Artist who influenced my style: Robert Rauschenberg
I've always been inspired by Robert Rauschenberg's work since he was a printmaker. I love how he mixed everything together creating abstract mixed media art works.
Robert Rauschenberg was an American artist who became prominent in the 1950s transition from Abstract Expressionism to Pop Art. Rauschenberg is known for his "Combines", in which non-traditional materials and objects were employed in innovative combinations. Rauschenberg was both a painter and a sculptor, but he also worked with photography, printmaking, papermaking, and performance. Rauschenberg's career tells more about the New York art community. Rauschenberg's attitude toward the means of art extended to media, people, everything. He opened art to: engineers, socialites, All-About-Eve assistants, politicians, trade unionists, dancers, instant collectors, Utopians, scientists, foundation swingers, art groupies, and all rubbed shoulders with the incongruous elements in his art. This rich mixture seemed to confirm the desire populists always have: that the boundaries of art are breaking down.
Rauschenberg carried the day when fashion forced the art community to go along with him - until that moment in 1964 when he won the grand prize at the Venice Biennale. They institutionalized Rauschenberg's irony, which he tended to leave open and innocent by eliminating process and presenting a facade of subject matter. Subject matter, which Rauschenberg had clearly shown was not incompatible with aesthetic discourse. When the subject matter was the everyday object, the irony was built into the surface. It was not just the object that became subject matter but the use of commercial design as subject matter. The fact that the design was contemporary was one of the things that made Pop revolutionary.
Rauschenberg's approach was sometimes called "Neo Dadaist." He wanted to work "in the gap between art and life", between art objects and everyday objects. Rauschenberg took a step in what could be considered the opposite direction by championing the role of creator in creating art's meaning. Rauschenberg's paintings were beginning to incorporate not only found objects but found images as well - photographs transferred to the canvas by means of the silkscreen process. Silkscreen allowed Rauschenberg to address the number of reproducibility of images.
In 1984, Rauschenberg announced his Rauschenberg Overseas Culture Interchange (ROCI), at the United Nations. This culminated a seven year, ten country tour to encourage "world peace and understanding," through Mexico, Chile, Venezuela, Beijing, Lhasa (Tibet), Japan, Cuba, Soviet Union, Berlin, and Malaysia in which he left a piece of art, and was influenced by the cultures he visited. Paintings, often on reflective surfaces, as well as drawings, photographs, assemblages and other multimedia were produced, inspired by these surroundings, which was considered some of his strongest works.
In addition to painting and sculpture, Rauschenberg's career also included significant contributions to printmaking and Performance Art. Rauschenberg created "White Paintings," in the tradition of monochromatic painting, whose purpose was to reduce painting to its most essential nature.

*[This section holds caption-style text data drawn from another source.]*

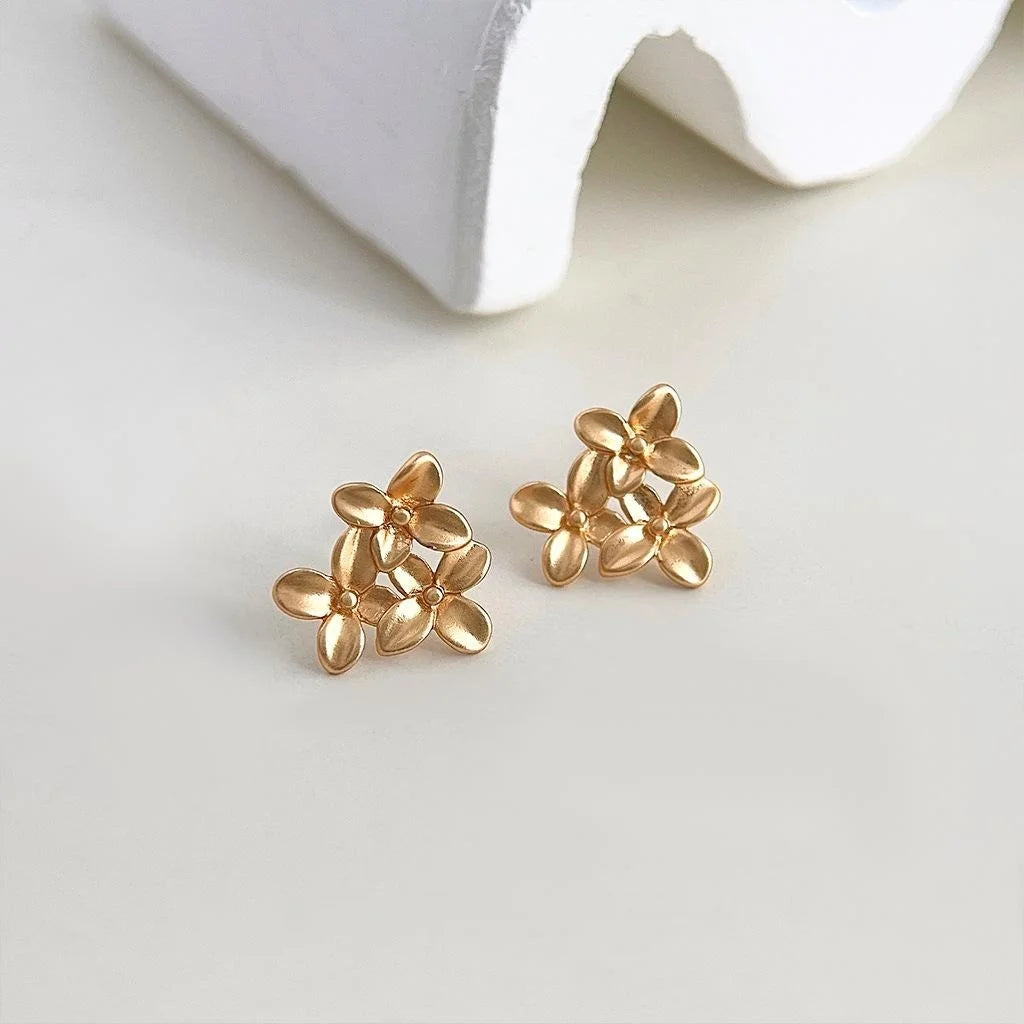 Matte Copper Osmanthus Flower Stud Earrings For Women, Elegant Minimalist Commuter Jewelry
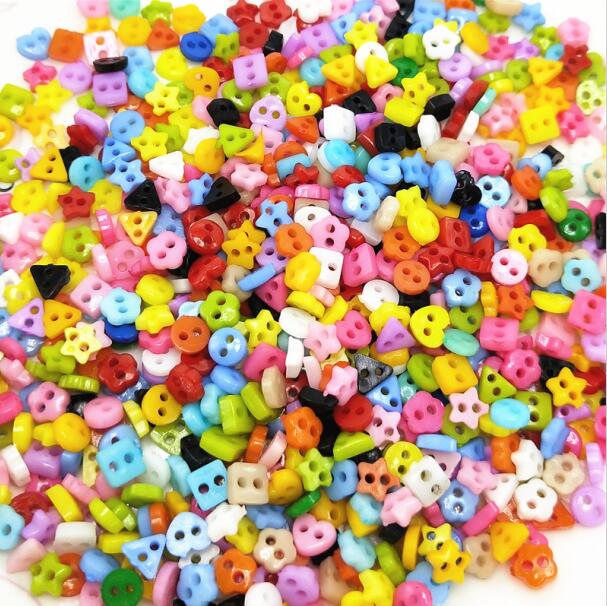 100/300pcs/lot Assorted Colors Shapes Tiny 6MM Resin Button 2 Holes Sewing Craft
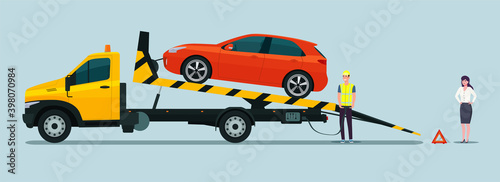 The driver of the tow truck is loading the faulty car. Woman car owner watches loading. Vector flat style illustration.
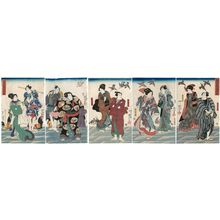 Utagawa Kuniyoshi: An Imaginary Scene of the Display of a Secret Image at Kinryûzan Temple (Mitate Kinryûzan kaichô no zu) - Museum of Fine Arts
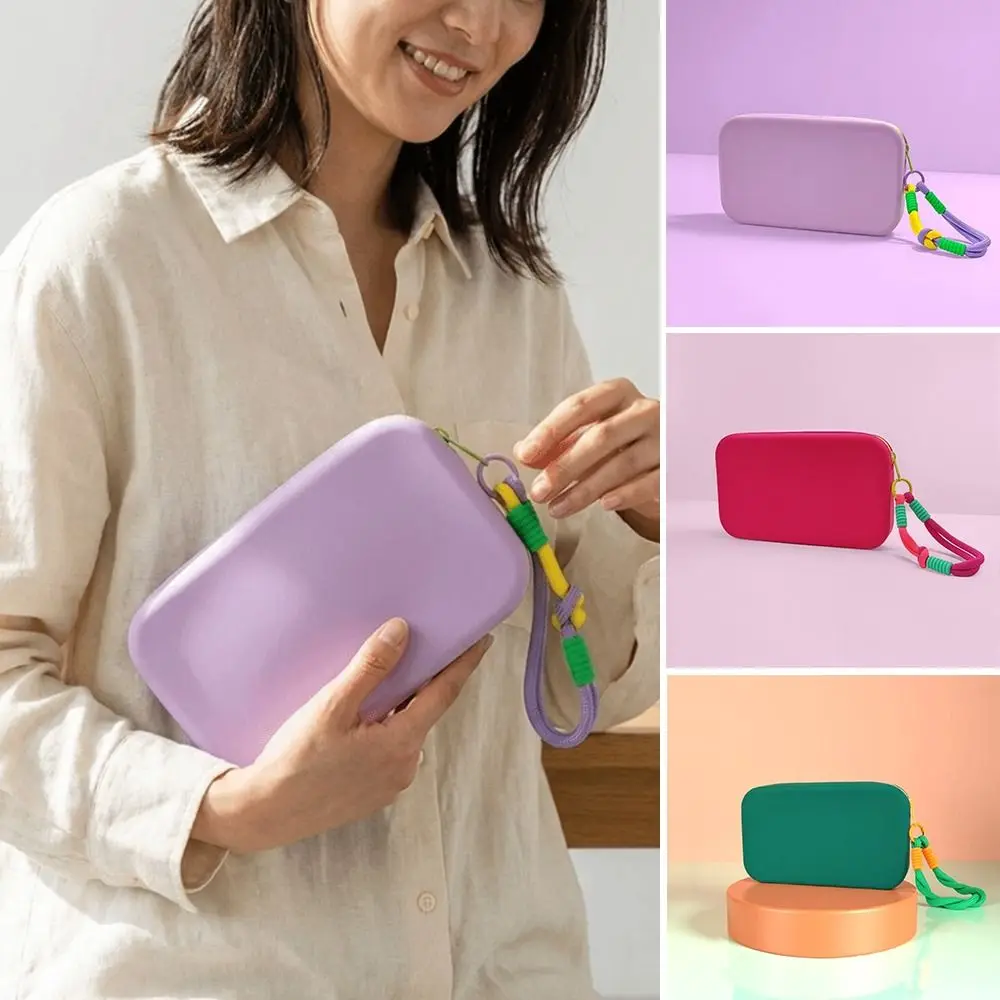 Silicone Makeup Bag Square Large Capacity Cosmetic Pouch Waterproof with Zipper Headphone Key Storage Bag for Women Girls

The Black Paintings like the White Paintings were executed on multiple panels and were single color works. Rauschenberg had moved from the monochromatic paintings of the White Painting and Black Painting series, to the Red Painting series. These paintings were created with diverse kinds of paint applications of red paint, and with the addition of materials such as wood, nails, newsprint and other materials to the canvas created complex painting surfaces, and were forerunners of Rauschenberg's well-known Combine series. Rauschenberg's neutrality was of a different order and his identification with the moment far less flawless. At the height of his powers in the sixties, his marvelous effervescence dispensed with any historical delays as he rode his wave. Yet his ebullient commitment to art as a short-term venture never quite disposed of the fact that he was an educated artist.